I will be there as well. I live only about 1 hour away and have been to the show the last 4-5 years. You will love it and will want to make everything you see. Bring lots of money to buy supplys and plans.


----------



## kennyd (Dec 18, 2009)

I will be there also...Saturday is the best day to go!


----------



## cobra428 (Dec 18, 2009)

dreeves,
Hope to meet ya. I will make sure that I wear a hat that has Cobra in some form or shape on it (from my car days...well still) and we can spot each other out!

Tony


----------



## cobra428 (Dec 18, 2009)

kennyd,
Sat. is when I'll be there, look for a Cobra hat. that will be me. It would be nice to shake hands with a fellow engine nut!

Tony


----------



## gbritnell (Dec 18, 2009)

I'm going to try and get there this year. I went a couple of years ago and had to drive the pike in a snowstorm. I usually wait until a couple of days before and make my decision. 
gbritnell


----------



## cobra428 (Dec 18, 2009)

George,
I'd luv to meet ya and shake your hand. Maybe, a little of your talent will rub off on me!

Tony


----------



## Philjoe5 (Dec 22, 2009)

I'm only a 40 minute drive so I'll be there. I have a new engine to show. You'll recognize it as it's the one in my avatar. Stop by and say hello.

Cheers,
Phil


----------



## Tin Falcon (Jan 3, 2010)

Only two weeks away 
if anyone want to display as a group and wants space set a side let me know. And make sure you stop by and say hello.
Tin


----------



## zeeprogrammer (Jan 3, 2010)

I hope to be there. Can't say for sure yet cause of family activities...but it's looking good.

Once I know for sure either way..I'll post.

I've never been to a Cabin Fever. Do you wear nametags? If so...I'll have a Z...if you see it...walk up and say 'Zeep!' and win a prize.

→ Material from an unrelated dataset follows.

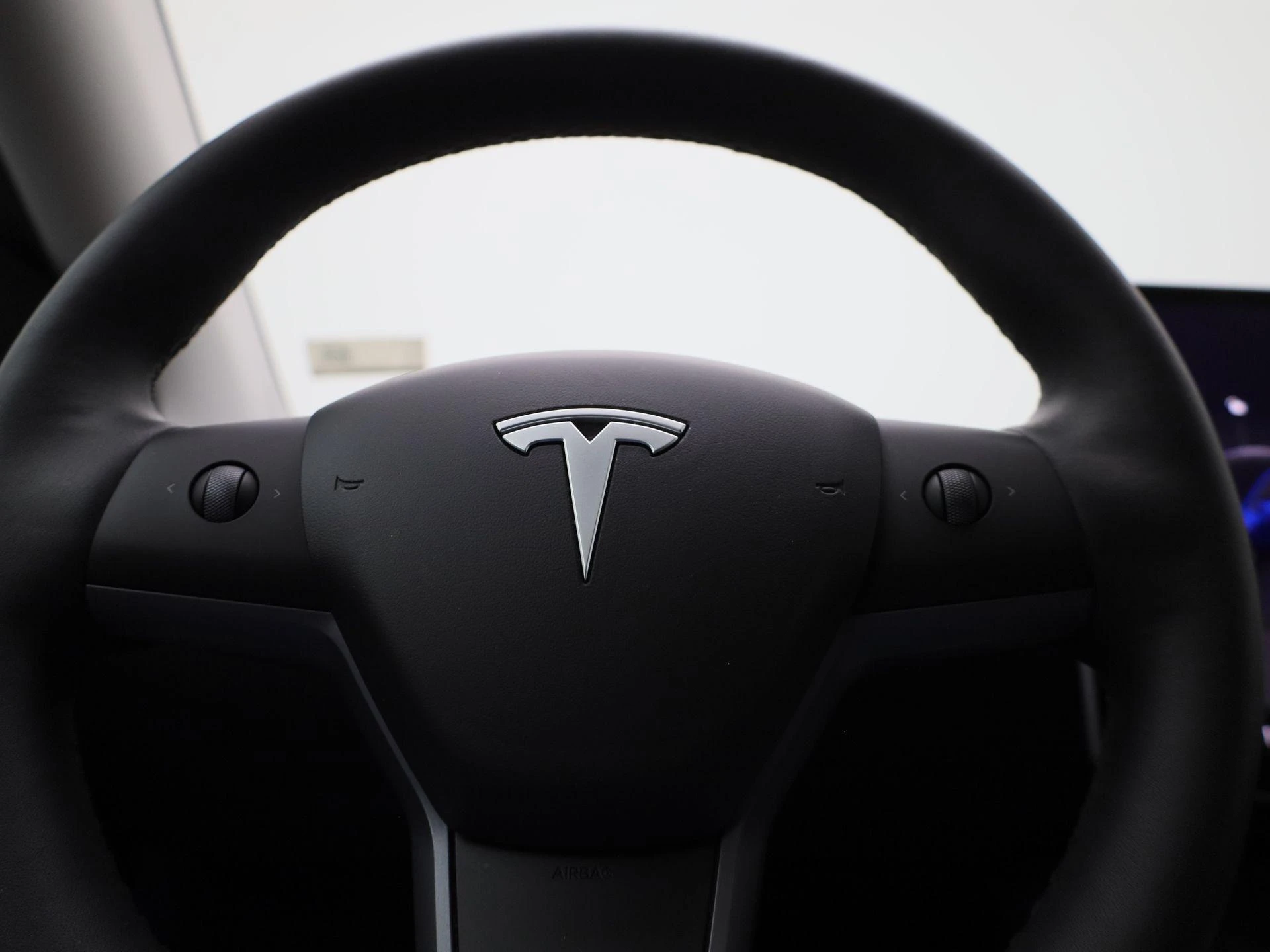 Tesla-Model Y-image-28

Prize is a handshake...but it's better than what I give some people. :big:


----------



## vlmarshall (Jan 3, 2010)

zeeprogrammer  said:
			
		

> Prize is a handshake...but it's better than what I give some people. :big:



You said it.

I sure hope I can go... but it's a long drive, in the "cold" direction.


----------



## Cedge (Jan 3, 2010)

I'd love to show the little Victorian, but I'm still somewhat up in the air on making the trip this year. Right now it appears I'll probably have to miss out on the fun.

Steve


----------



## Majorstrain (Jan 4, 2010)

It's 11,528 miles (18,552 km) for me, Don't think I'm going to make it this year. :'(






But you guys have fun and report back when you can. I look forward to hearing about it.
Hope you all catch up and put faces to the names.

Cheers
Phil


----------



## Twmaster (Jan 4, 2010)

Aw c'mon Phil. If you start swimming now you might make it in time for next year!

I'm planning to be at Cabin Fever on Saturday.


----------



## Majorstrain (Jan 4, 2010)

Twmaster  said:
			
		

> Aw c'mon Phil. If you start swimming now you might make it in time for next year!



Google Earth directions suggested I kayak. Rof} Rof} that might be a bit quicker. ;D
I'd look funny carrying a kayak all the way across Western Australia and though desert B4 I got to the ocean. woohoo1

Cheers


----------



## tel (Jan 4, 2010)

That first few 'undred miles might be a bit rough on the kayak tho'


----------



## CMS (Jan 10, 2010)

My crew is planing to attend, not too sure that I'll bring anything to show. Although I would like to take Tin Falcon up on his offer. Ether way, hope to run into some of yaw.


----------



## Tin Falcon (Jan 11, 2010)

Just a few days away . If you plan on displaying with your admin please let me know, and how much space you want/need. I will be near air lines. 
Tin Falcon


----------



## RonGinger (Jan 11, 2010)

I will be there all 3 days, with a new CNC router that I just got running. Ive got Mainer, a clockmaker and Brian Barker of Mach software riding with me so the 550 mile ride should be interesting conversation.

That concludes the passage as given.